Lagian, aku merasa tidak enak jika harus lapor polisi. Seolah-olah sudah tak ada lagi pertemanan. Bagaimanapun, semuanya harus bisa kuatasi dengan cara bagaimanapun. Episode terakhir dari pilihanku adalah minta uang sama kakak. Meski itu harus dilakukan jika benar-benar tak ada pilihan.

Ah, aku agak heran dengan sikap sahabatku Si Adi. Tak henti-hentinya ia menjelaskan kondisi perusahaan yang morat-marit hingga memaksa bos menunda pembayaran gaji. Aku heran kok pembelaannya pada perusahaan itu begitu besar sementara dia tak mau mendengar apa masalahku.

Apakah dia tahu kalau aku betul-betul tak punya duit untuk makan? Apakah dia tahu kalau aku harus tinggal di tempat teman-teman Makassar dan selalu minta ditraktir lantaran tak punya duit? Apa dia tahu kalau beberapa kali aku menangis lantaran benar-benar tak punya duit.

Dalam satu kesempatan, ia pernah protes. "Kenapa hanya kamu yang stres pikir gaji sementara anak-anak lain di perusahaan itu tidak stres?"

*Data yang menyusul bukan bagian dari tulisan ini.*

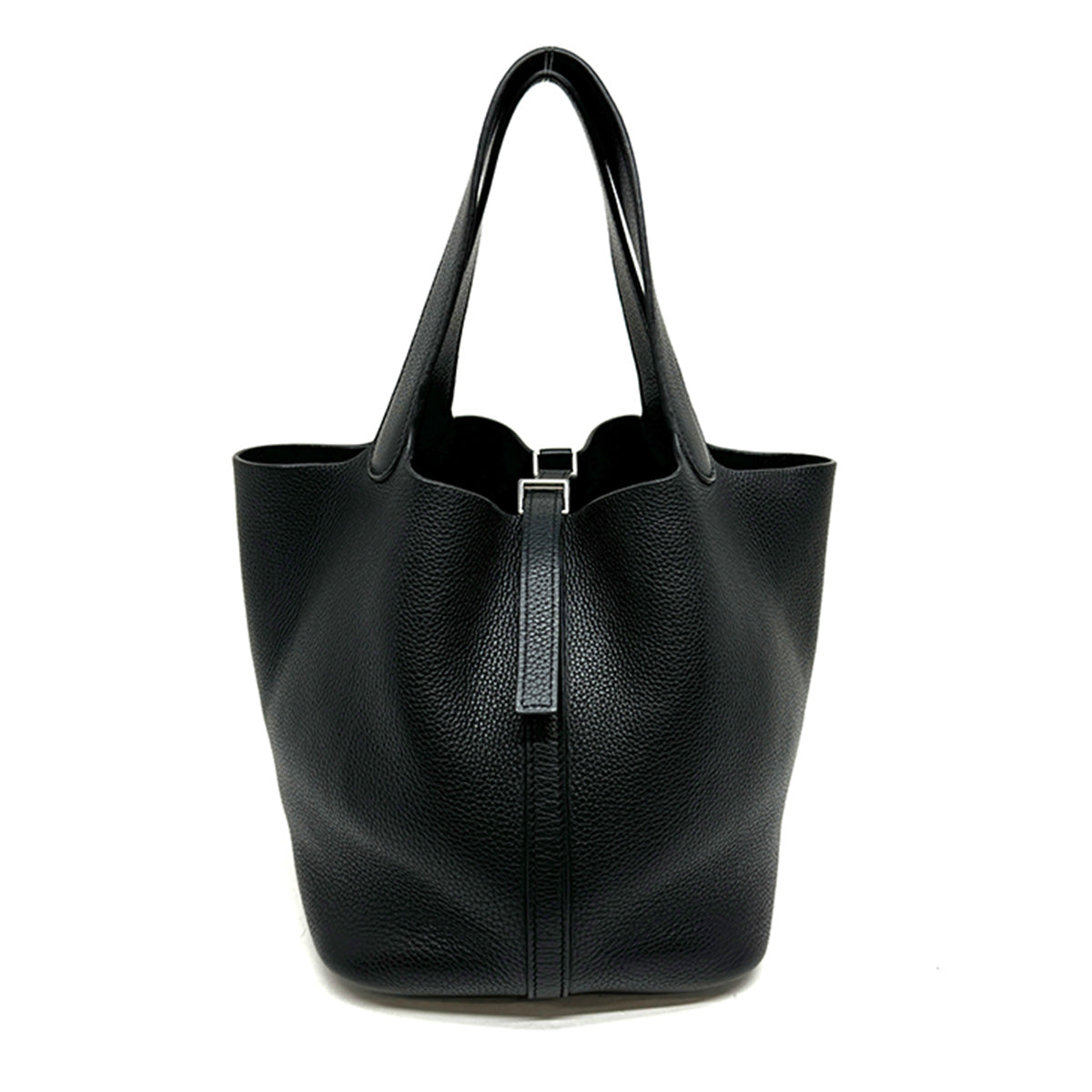 HERMES HERMES Picotin MM Picotin MM Picotin 22 Tote bag Toryon Clemence Noir Black Silver Metal fittings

Apakah Si Adi tahu kalau rata-rata teman-teman di situ punya rumah sendiri sehingga tidak masalah jika gaji tidak dibayar. Sementara aku cuma seorang rantau yang hanya bisa melakukan refleksi sedih atas apa yang terjadi.

Yah, pada akhirnya aku cuma bisa mengeluh. Orang kecil adalah mereka yang menyadari kalau suaranya seakan tak berdaya. Mereka yang menyadari kalau dirinya hanyalah bagian terkecil dari bekerjanya sebuah sistem bernama semesta. Mereka yang hanya sudah bekerja keras dan bisa menjelmakan kesedihan dalam benak. Sementara di tempat lain ada majikan yang berdalih "Tak ada uang perusahaan. Sorry karena sudah kerja tanpa digaji. Kita lagi bangkrut," katanya dengan nada angkuh.